» **Exercise details**
An exact transcription is needed of the lines below from the one with "A functional kitchen" through the one with "Headshot of Meriah", with no other lines and no pictures.

-=-=-

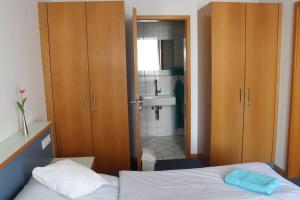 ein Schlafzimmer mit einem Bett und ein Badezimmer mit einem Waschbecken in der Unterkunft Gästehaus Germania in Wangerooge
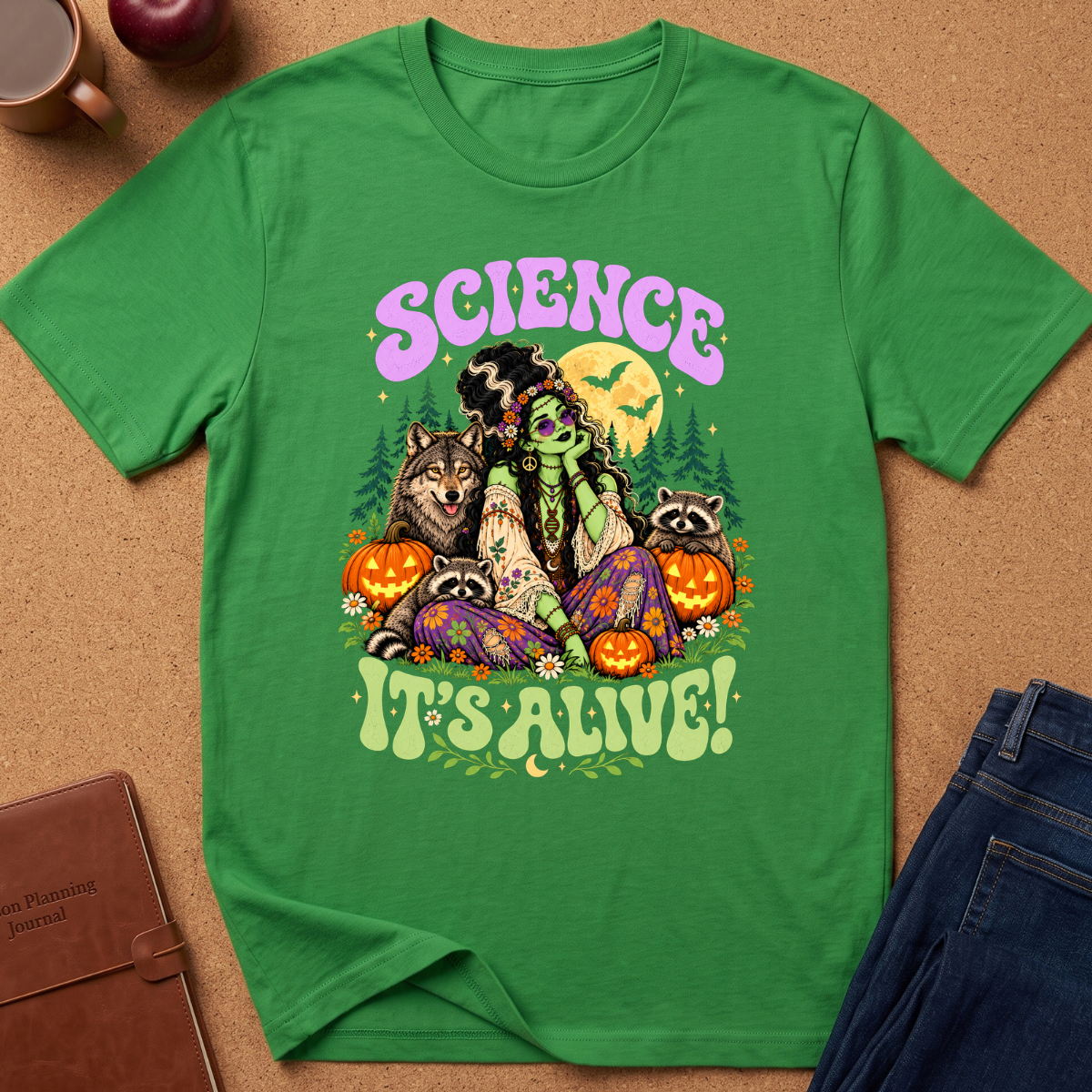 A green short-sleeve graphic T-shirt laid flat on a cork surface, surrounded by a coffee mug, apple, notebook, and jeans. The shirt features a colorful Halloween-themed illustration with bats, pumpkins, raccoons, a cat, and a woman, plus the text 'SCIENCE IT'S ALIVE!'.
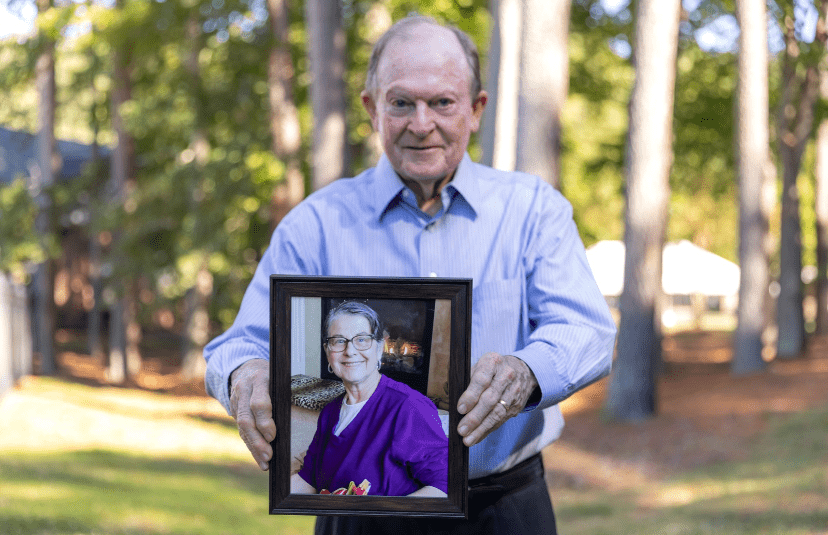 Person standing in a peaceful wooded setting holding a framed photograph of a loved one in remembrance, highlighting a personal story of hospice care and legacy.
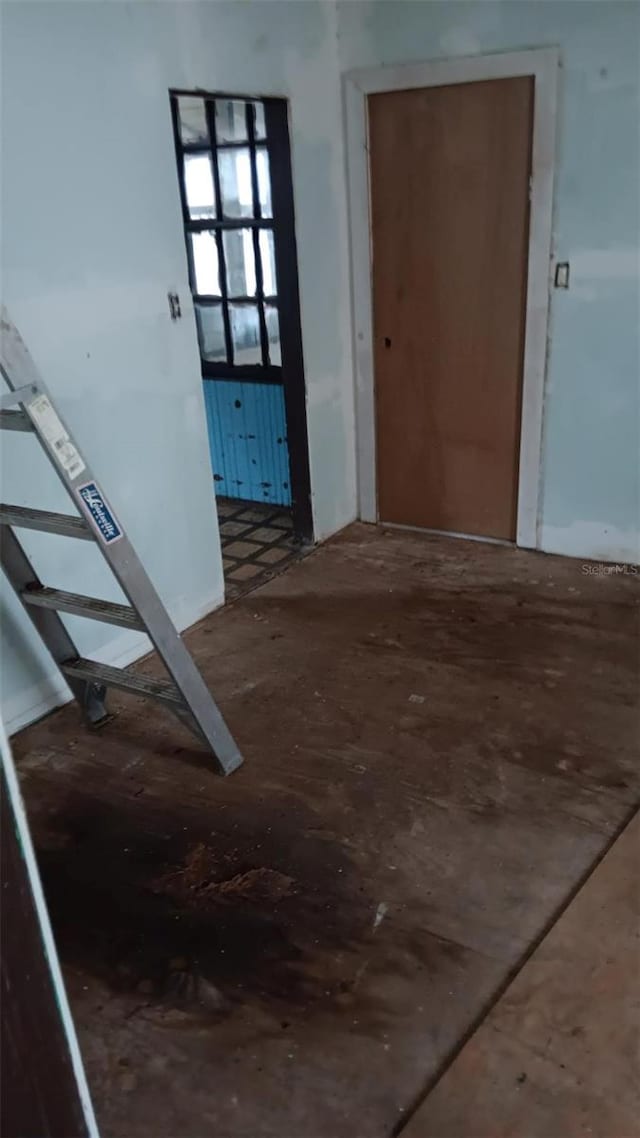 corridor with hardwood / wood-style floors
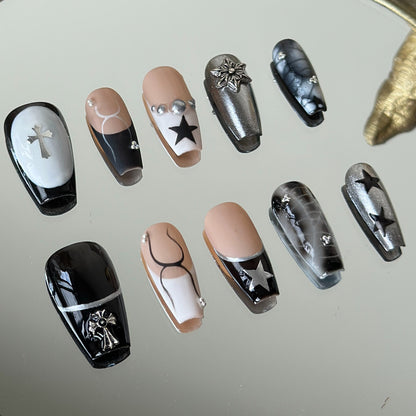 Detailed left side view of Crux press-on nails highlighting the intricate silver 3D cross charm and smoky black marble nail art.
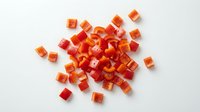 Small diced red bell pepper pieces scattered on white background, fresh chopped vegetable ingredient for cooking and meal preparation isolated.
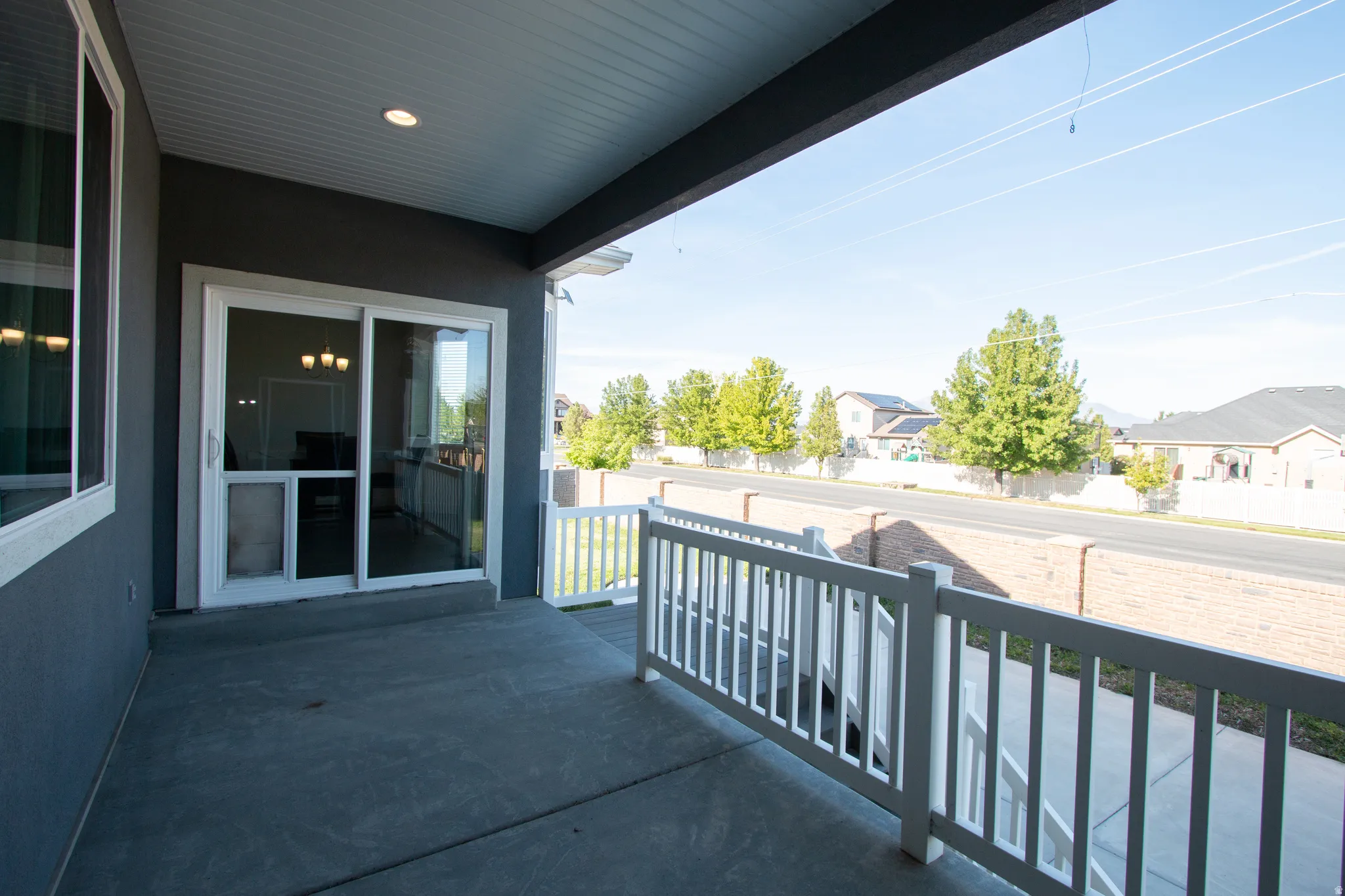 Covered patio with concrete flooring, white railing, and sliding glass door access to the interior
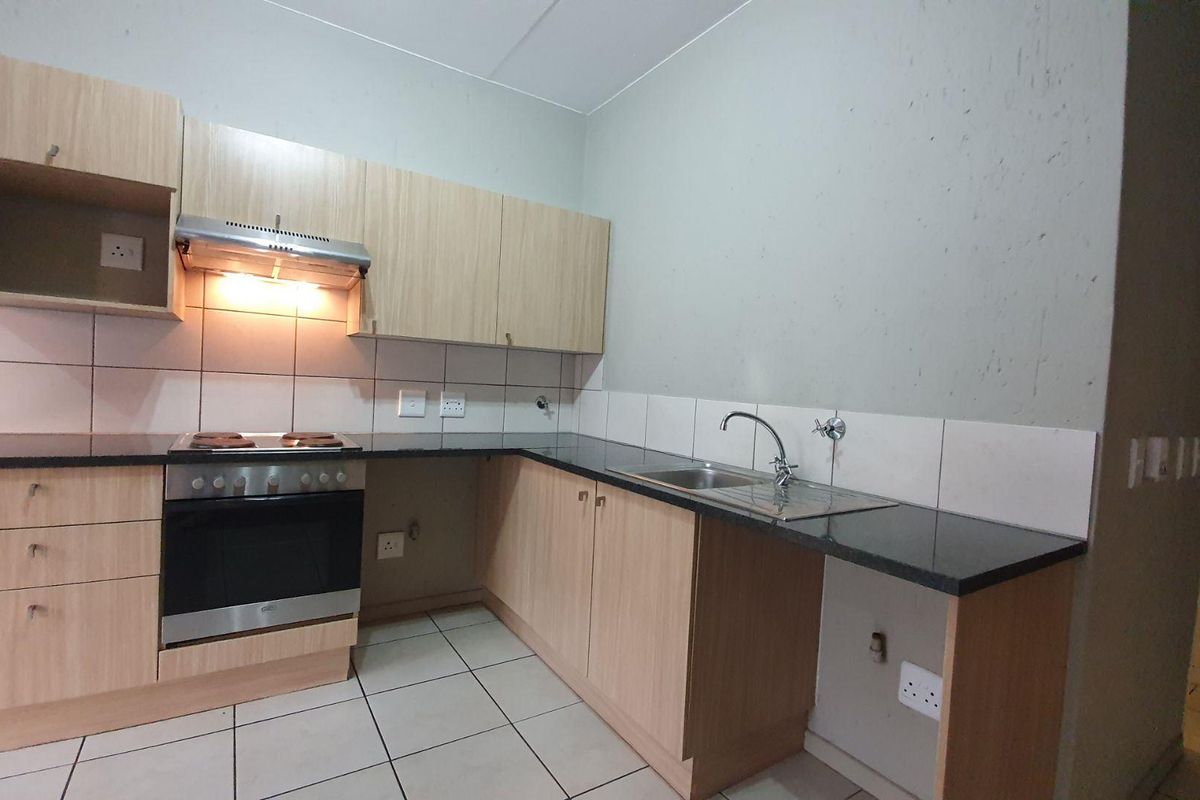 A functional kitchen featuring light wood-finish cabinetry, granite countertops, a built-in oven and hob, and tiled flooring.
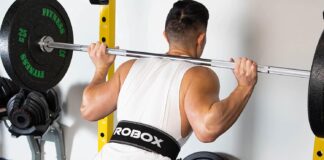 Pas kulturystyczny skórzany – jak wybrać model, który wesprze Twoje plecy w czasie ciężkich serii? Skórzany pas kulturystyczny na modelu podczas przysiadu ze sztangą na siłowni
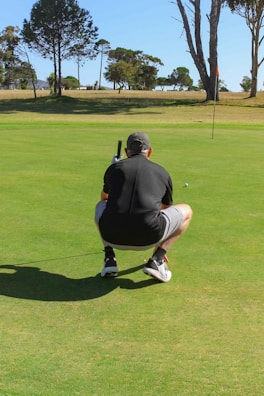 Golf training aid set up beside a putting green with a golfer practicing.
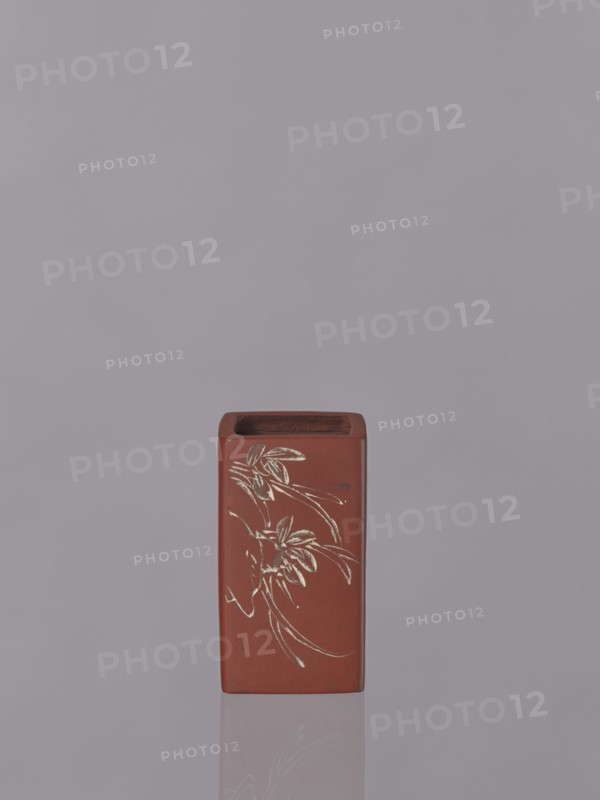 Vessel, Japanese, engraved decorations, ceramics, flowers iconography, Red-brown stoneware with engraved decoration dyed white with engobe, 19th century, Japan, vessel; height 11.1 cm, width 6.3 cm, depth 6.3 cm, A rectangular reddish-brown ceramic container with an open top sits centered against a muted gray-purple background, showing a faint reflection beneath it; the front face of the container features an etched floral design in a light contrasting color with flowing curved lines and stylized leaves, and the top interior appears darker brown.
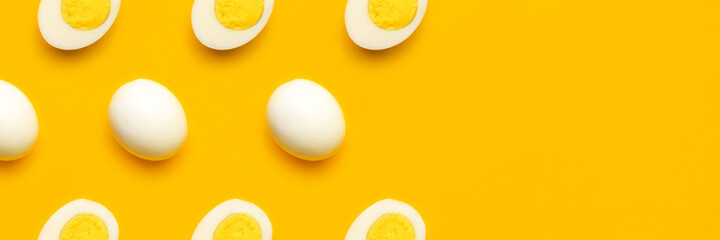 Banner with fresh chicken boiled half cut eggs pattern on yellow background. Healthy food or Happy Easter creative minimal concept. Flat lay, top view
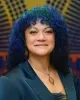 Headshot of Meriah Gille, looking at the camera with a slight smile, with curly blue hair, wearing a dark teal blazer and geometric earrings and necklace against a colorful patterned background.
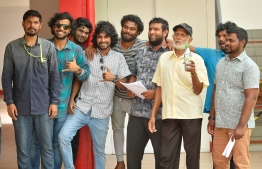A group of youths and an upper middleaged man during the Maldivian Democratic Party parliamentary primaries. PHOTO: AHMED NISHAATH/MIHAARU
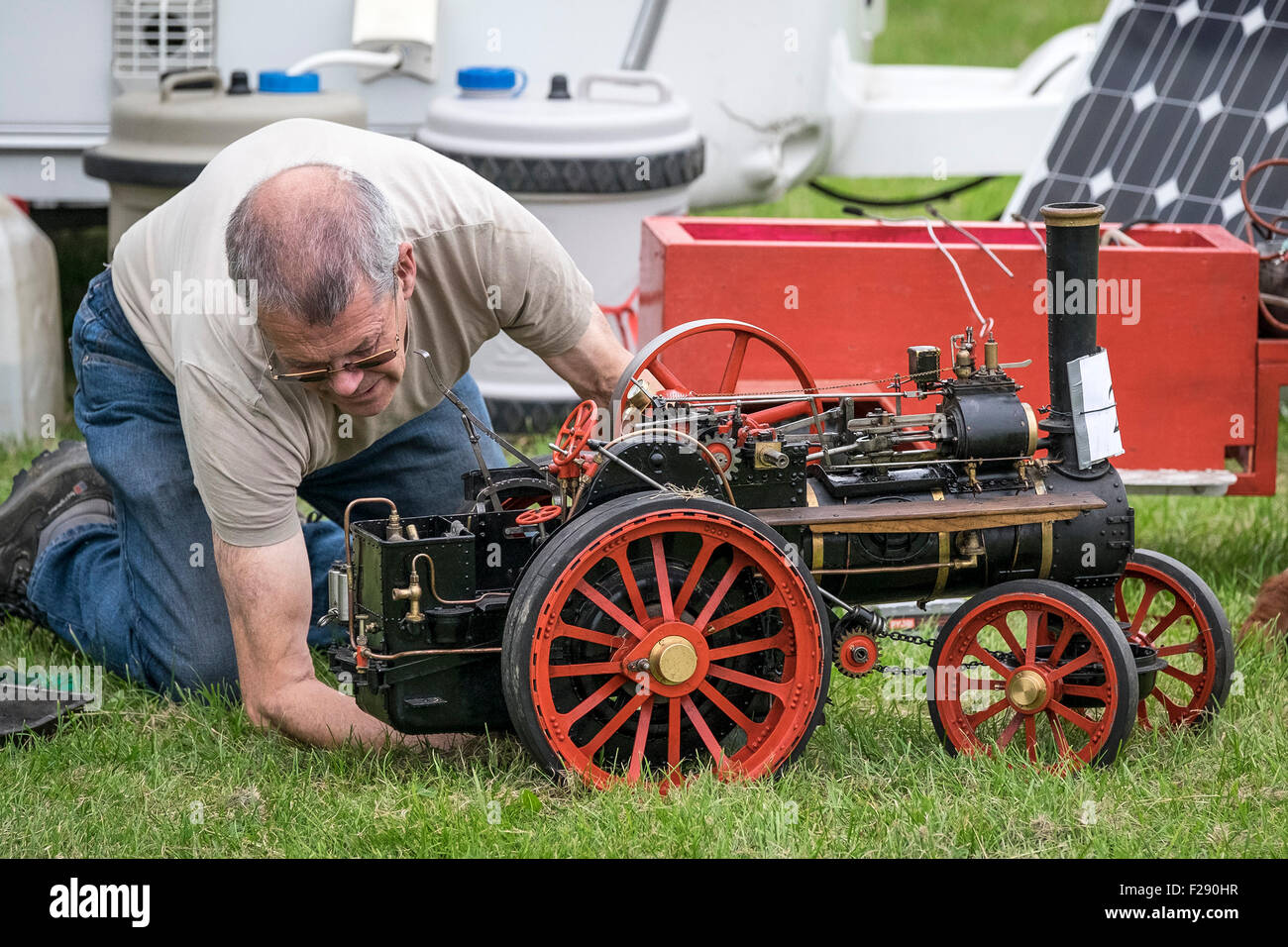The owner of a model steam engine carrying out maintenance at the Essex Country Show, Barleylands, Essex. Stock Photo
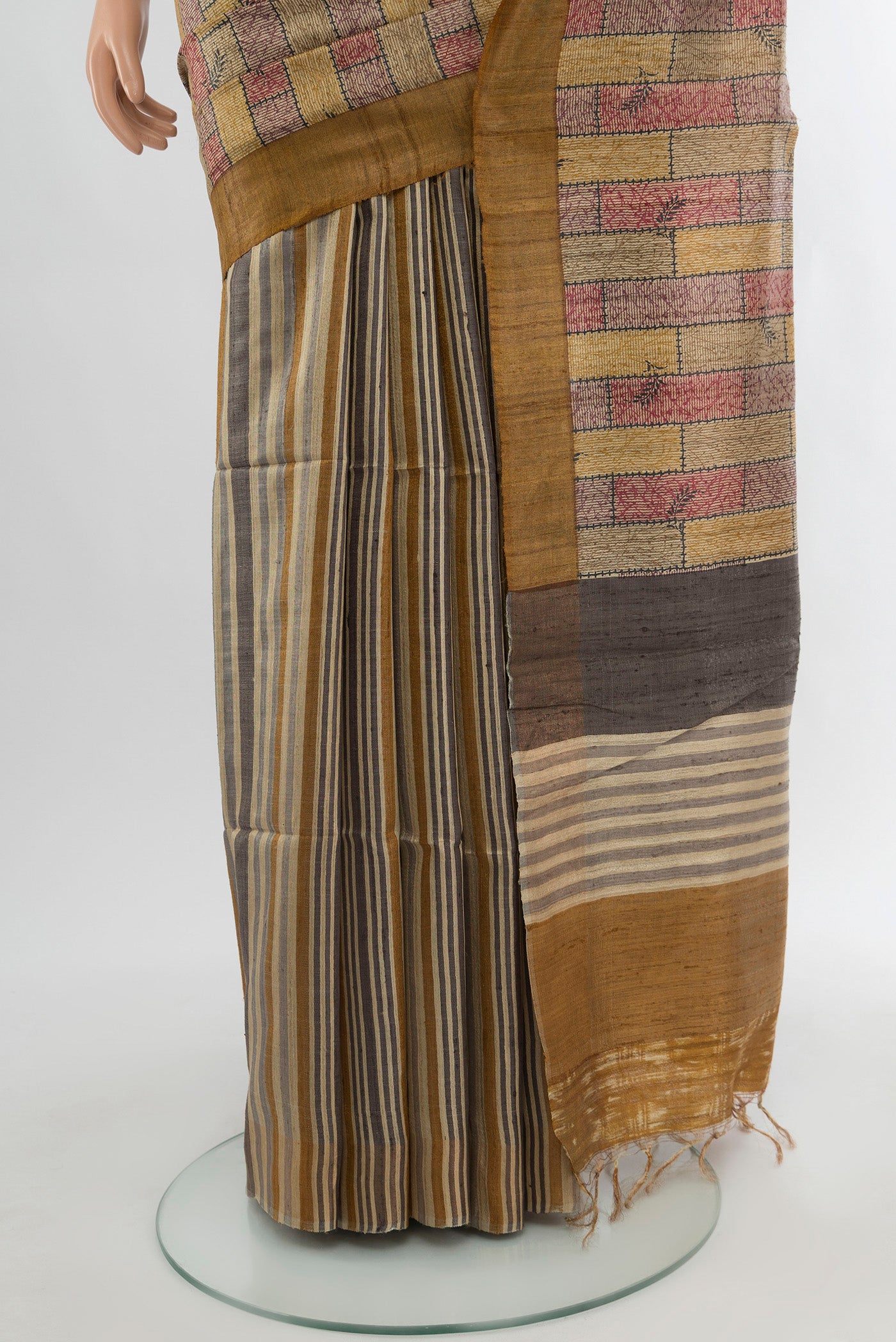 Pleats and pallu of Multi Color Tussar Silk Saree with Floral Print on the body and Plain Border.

-=-=-

» **Exercise output**
 A functional kitchen featuring light wood-finish cabinetry, granite countertops, a built-in oven and hob, and tiled flooring.
 Pas kulturystyczny skórzany – jak wybrać model, który wesprze Twoje plecy w czasie ciężkich serii? Skórzany pas kulturystyczny na modelu podczas przysiadu ze sztangą na siłowni
 Golf training aid set up beside a putting green with a golfer practicing.
 Vessel, Japanese, engraved decorations, ceramics, flowers iconography, Red-brown stoneware with engraved decoration dyed white with engobe, 19th century, Japan, vessel; height 11.1 cm, width 6.3 cm, depth 6.3 cm, A rectangular reddish-brown ceramic container with an open top sits centered against a muted gray-purple background, showing a faint reflection beneath it; the front face of the container features an etched floral design in a light contrasting color with flowing curved lines and stylized leaves, and the top interior appears darker brown.
 Banner with fresh chicken boiled half cut eggs pattern on yellow background. Healthy food or Happy Easter creative minimal concept. Flat lay, top view
 Headshot of Meriah Gille, looking at the camera with a slight smile, with curly blue hair, wearing a dark teal blazer and geometric earrings and necklace against a colorful patterned background.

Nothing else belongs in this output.